Antes de alcançar a maçaneta, notou o terno pendurado de mau jeito no encosto da cadeira de rodinhas, assim como vários livros grossos empilhados ao lado de um notebook sobre a escrivaninha. Nina apertou as vistas e leu os títulos "Direito Penal", "Civil" e "Constitucional" neles, além de um "Vade Mecum¹" atualizado. Na fuga, chutou uma embalagem sem querer e praguejou ao encontrar a caixa amassada de Malboro no chão.

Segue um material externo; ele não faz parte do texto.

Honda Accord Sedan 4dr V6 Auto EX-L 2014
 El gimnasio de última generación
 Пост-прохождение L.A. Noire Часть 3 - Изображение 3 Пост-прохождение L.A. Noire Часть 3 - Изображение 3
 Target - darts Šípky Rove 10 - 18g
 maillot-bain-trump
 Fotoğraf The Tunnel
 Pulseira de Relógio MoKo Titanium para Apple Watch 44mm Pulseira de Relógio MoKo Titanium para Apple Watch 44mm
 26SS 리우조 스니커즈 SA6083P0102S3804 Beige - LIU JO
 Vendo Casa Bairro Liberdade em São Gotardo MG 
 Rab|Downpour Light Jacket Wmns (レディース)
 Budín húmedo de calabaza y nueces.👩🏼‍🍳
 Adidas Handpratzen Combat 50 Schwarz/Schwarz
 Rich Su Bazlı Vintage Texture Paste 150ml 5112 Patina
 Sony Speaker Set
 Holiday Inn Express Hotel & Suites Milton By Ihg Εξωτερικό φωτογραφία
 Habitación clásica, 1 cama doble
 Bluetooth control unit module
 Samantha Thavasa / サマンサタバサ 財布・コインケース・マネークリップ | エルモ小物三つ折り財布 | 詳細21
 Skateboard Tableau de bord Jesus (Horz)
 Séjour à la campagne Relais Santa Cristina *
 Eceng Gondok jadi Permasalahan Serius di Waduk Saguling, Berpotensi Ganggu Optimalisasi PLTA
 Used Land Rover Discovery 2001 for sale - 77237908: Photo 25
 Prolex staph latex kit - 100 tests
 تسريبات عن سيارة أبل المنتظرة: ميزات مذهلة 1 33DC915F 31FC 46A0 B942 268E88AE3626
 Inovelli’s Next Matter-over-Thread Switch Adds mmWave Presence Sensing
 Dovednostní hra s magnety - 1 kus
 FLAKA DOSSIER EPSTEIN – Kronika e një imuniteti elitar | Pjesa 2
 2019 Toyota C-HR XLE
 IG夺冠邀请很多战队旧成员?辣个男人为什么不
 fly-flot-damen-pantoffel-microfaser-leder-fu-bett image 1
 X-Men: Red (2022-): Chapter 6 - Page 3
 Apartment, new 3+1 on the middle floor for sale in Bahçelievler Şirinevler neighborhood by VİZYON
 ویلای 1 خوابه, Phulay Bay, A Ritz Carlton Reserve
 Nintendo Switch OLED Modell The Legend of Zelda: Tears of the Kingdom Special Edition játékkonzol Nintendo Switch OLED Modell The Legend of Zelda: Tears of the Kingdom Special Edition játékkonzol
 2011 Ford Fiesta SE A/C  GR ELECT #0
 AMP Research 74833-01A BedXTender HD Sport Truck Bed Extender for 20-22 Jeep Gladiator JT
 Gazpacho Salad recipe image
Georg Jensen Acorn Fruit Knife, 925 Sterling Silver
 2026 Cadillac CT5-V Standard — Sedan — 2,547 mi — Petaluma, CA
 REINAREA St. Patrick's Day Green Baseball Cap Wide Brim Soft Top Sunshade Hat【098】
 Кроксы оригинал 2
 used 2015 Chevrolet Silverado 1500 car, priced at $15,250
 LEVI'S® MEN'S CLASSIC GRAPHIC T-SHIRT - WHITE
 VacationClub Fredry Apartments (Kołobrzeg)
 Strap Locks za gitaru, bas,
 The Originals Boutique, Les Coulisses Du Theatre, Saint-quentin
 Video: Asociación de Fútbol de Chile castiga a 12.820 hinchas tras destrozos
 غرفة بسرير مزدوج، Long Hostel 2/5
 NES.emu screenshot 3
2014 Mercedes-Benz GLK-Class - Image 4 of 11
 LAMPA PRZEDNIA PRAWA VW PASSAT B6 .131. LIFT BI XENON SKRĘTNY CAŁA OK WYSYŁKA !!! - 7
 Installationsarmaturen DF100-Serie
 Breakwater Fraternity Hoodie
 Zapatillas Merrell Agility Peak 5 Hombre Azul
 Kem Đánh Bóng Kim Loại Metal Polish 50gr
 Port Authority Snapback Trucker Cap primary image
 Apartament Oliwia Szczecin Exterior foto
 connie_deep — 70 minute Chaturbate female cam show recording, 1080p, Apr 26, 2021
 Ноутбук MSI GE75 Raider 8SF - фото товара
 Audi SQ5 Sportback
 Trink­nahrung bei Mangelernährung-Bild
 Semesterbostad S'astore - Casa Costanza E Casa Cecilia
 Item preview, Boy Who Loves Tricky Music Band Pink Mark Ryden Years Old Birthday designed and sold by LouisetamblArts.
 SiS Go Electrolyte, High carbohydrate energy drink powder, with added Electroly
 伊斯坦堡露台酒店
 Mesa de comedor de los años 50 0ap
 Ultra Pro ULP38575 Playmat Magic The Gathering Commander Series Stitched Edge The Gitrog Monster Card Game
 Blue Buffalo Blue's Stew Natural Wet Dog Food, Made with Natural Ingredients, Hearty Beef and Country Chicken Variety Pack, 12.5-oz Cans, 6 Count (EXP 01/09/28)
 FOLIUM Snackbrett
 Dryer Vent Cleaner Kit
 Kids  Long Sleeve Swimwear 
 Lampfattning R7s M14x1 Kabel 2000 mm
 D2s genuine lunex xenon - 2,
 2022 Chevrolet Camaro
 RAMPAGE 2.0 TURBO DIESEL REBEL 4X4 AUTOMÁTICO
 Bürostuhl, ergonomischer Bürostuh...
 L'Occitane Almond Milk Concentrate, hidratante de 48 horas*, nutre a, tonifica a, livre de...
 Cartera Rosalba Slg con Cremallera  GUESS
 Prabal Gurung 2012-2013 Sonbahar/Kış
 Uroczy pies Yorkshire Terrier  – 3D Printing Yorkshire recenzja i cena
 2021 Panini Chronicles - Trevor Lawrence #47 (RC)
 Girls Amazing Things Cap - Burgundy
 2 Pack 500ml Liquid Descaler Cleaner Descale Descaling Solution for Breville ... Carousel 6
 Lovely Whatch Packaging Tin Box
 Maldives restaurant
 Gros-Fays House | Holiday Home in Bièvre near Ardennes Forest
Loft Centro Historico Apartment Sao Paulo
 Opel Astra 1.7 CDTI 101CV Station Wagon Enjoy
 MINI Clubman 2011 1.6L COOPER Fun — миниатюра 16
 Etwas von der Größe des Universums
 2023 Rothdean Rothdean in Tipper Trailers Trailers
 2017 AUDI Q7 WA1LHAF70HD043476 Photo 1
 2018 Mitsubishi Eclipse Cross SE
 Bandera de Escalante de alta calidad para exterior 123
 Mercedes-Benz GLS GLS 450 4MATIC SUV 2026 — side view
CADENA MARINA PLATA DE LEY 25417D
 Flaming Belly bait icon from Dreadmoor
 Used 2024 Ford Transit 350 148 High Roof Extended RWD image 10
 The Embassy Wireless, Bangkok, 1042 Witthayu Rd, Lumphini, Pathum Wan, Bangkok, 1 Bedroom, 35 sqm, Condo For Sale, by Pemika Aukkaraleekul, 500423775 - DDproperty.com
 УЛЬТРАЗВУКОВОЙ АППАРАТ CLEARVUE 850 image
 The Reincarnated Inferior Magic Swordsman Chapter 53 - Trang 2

A porta do quarto estava encostada e o silêncio reinava fora dele. Franziu o cenho e fitou a janela parcialmente fechada sob a cortina cinzenta próxima à cama. Soltou a porta e caminhou até o local. A mão trêmula e pálida afastou o tecido áspero e a miragem seguinte foi à primeira coisa familiar naquela manhã estranha. A mesma vista de quando acordava em seu quarto.

Os olhos verdes se arregalaram.

Que diabos fazia no apartamento do advogado prepotente?!

Teria sido melhor acordar em um lugar completamente desconhecido. Tudo menos a casa da pessoa que ela mais queria distância na vida. A única coisa que se lembrava da noite passada foi de não sentir mais nada; levaram-lhe a alma e se esqueceram do corpo. Obviamente, havia Hugo Torres metido na história. Onde ele aparecia, trazia discórdia para si e sua saúde mental. E os tiros. Seu pai... Contara sobre ele! Nem mesmo seus melhores amigos sabiam direito o que acontecera naquela noite trágica. Apenas sua mãe. E agora Hugo Torres. Por que escolheu logo a ele quando resolvera desabafar algo tão íntimo seu?!

Nina sentiu uma vertigem mais forte que as outras e se agarrou a cortina por segurança. As perguntas que sempre lhe invadiam o consciente vieram como um jato d'água de vitimismo, indagando-lhe o motivo por tantos eventos ruins no curto espaço de tempo e por ter sido a felizarda. O universo a odiava e não fazia ideia do porquê. Não aguentava mais.

Queria sumir.

As duas palavras com certeza estariam estampadas em sua lápide se morresse naquele exato momento. Elas resumiam bem seus últimos meses de vida.

Passar pela porta seria como voltar à realidade. A realidade de ter perdido o pai num assalto à mão armada. Fazer coisas que não gostava por sobrevivência, um dia atrás do outro, sem compreender o real significado da palavra viver. Lidar com pessoas que faziam pouco caso da sua dor. Não ser boa o suficiente, sentir-se a pior pessoa do mundo e não saber como se amar. Ou esquecer. Ou superar.